Kein Fast Fashion: Nunu Kaller in ihrem Lieblings-Secondhand-Laden Zweitkleid (www.zweitkleid7.at) von Inhaberin Martina Brückl
© Wüstenrot/marcelkoehler.com

Kein Fast Fashion: Nunu Kaller in ihrem Lieblings-Secondhand-Laden Zweitkleid (www.zweitkleid7.at) von Inhaberin Martina Brückl

Mittlerweile ist sie eine richtige Shoppingberaterin. „Meine Freunde wollen von mir wissen, wo sie etwas nachhaltig Produziertes kaufen können oder auch, was ich zu einigen Beautytipps zu sagen habe. Dass ich andere inspiriere, ist toll und macht mich auch demütig und dankbar“, sagt Kaller, die sicher ist, bald wieder eine Intuition für ein nächstes Projekt zu haben. „Ich weiß, da kommt mal wieder was. Ich lasse mich überraschen“, strahlt Nunu Kaller und macht sich auf zu ihrem nächsten Termin.
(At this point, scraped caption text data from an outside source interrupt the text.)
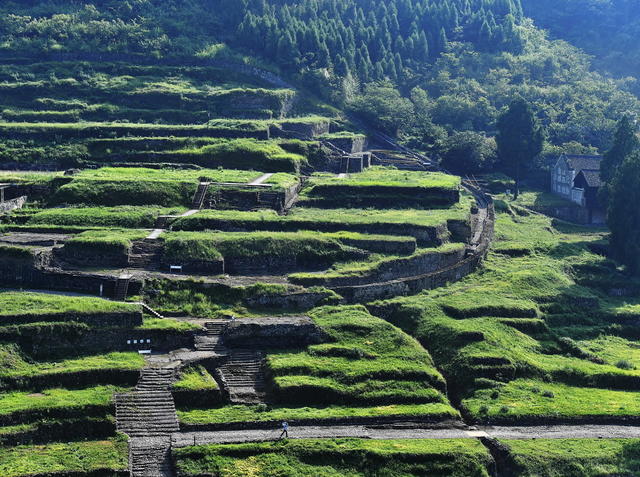 世界文化遗产 湘西 文物 遗址 土司 明代 土家族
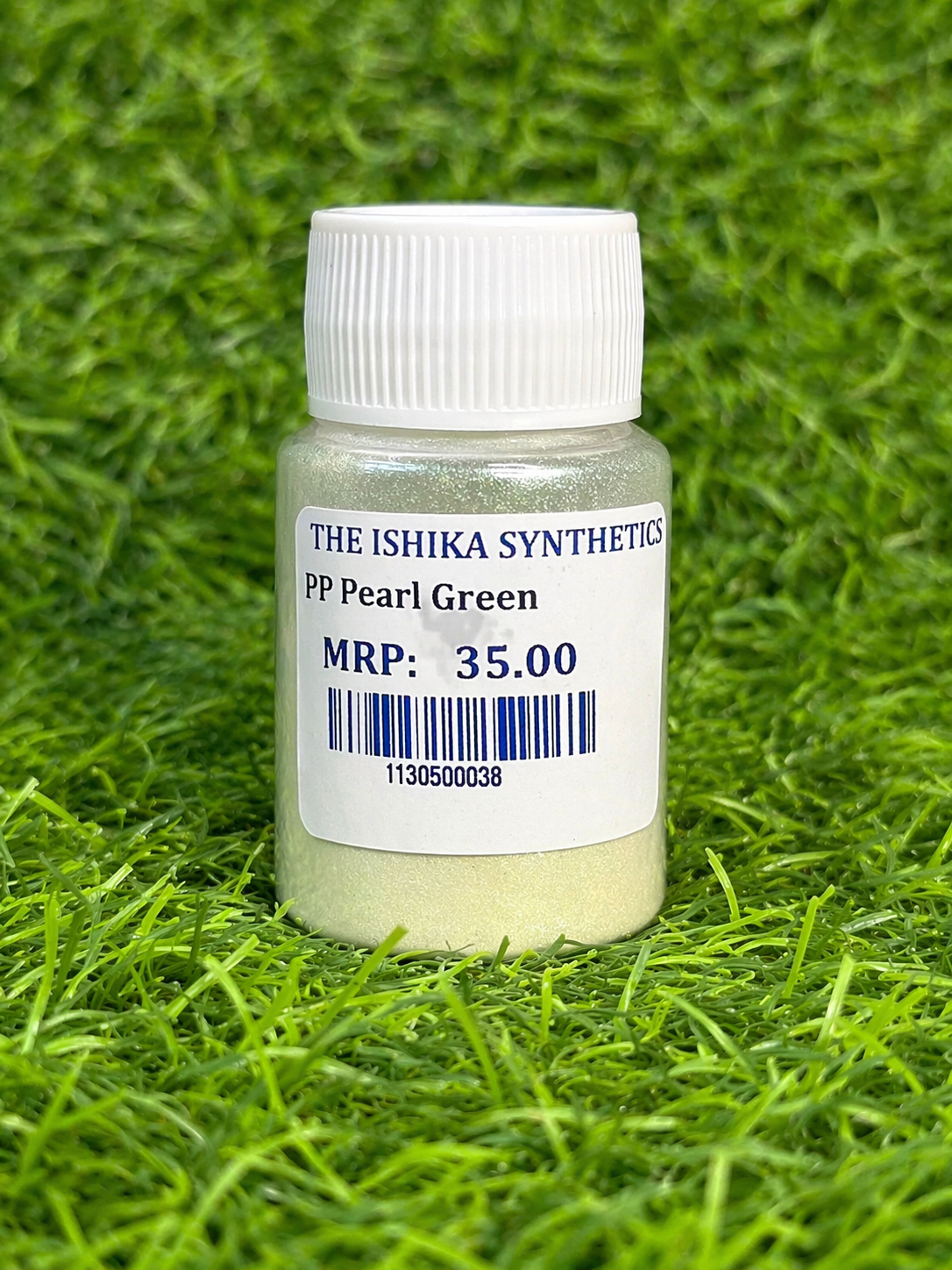 Pearl Green Pigment Powder for Resin Art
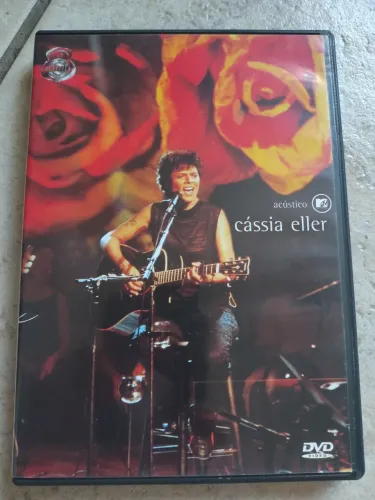 DVD Cássia Eller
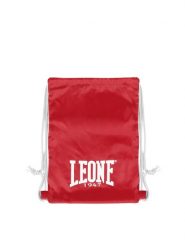 Leone 1947 Apparel Torba plażowa sportowa. Czerwone torby sportowe LEONE 1947 APPAREL, bez wzorów, z bawełny. Za 54.73 zł.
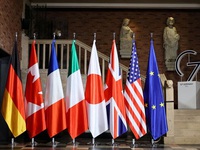 Các vấn đề an ninh toàn cầu - trọng tâm của Hội nghị Ngoại trưởng G7 tại Nhật Bản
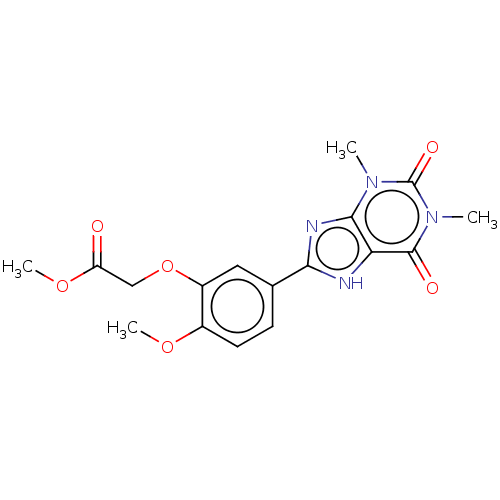 Chemical structure of BindingDB Monomer ID 175367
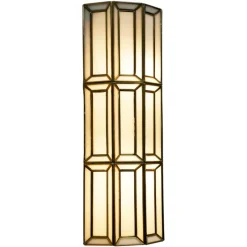 Richmond Interiors Richmond Wandlamp Opal Brass Antique Best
Diese Tipps helfen dir zu einem bewussteren Konsum:

  1. Informiere dich: Für Nunu Kaller war das Wissen um die Produktionsbedingungen ausschlaggebend für ihr Umdenken. Informiere dich über Fast Fashion, zum Beispiel bei Greenpeace. Dort findest du unter anderem einen Textil-Siegel-Check, der über die Fashion-Produktion aufklärt und über die Siegel informiert. 
  2. Shoppe nachhaltig: Es gibt zahlreiche Marken, die auf eine nachhaltige Produktion achten. Die meisten kann man sogar online shoppen. Eine Übersicht findest du auf utopia.de. Zudem kannst du in Secondhand-Läden oder auf dem Flohmarkt stöbern und tolle Einzelstücke entdecken.
  3. Kaufe nichts unbedacht, sondern frage dich, ob du den neuen Kopfhörer oder das Kleid wirklich brauchst. Umso größer wird die Freude sein, wenn du dich bewusst für eine Sache entscheidest.
  4. Do-It-Yourself macht Spaß: Hol die Nähmaschine oder die Stricknadeln hervor und mach dir deine Kleidung einfach selber. Kurse für Anfänger und Fortgeschrittene finden sich fast überall. Auch gebrauchte Kleidungsstücke kannst du auf diesem Weg aufwerten. Inspirationen dazu liefert Marisa Lynch von newdressaday.com.
  5. Veranstalte eine Tauschparty: Jede und jeder bringt mit, was seinen Kleiderschrank verstopft und darf dafür etwas anderes Schönes mit nach Hause nehmen.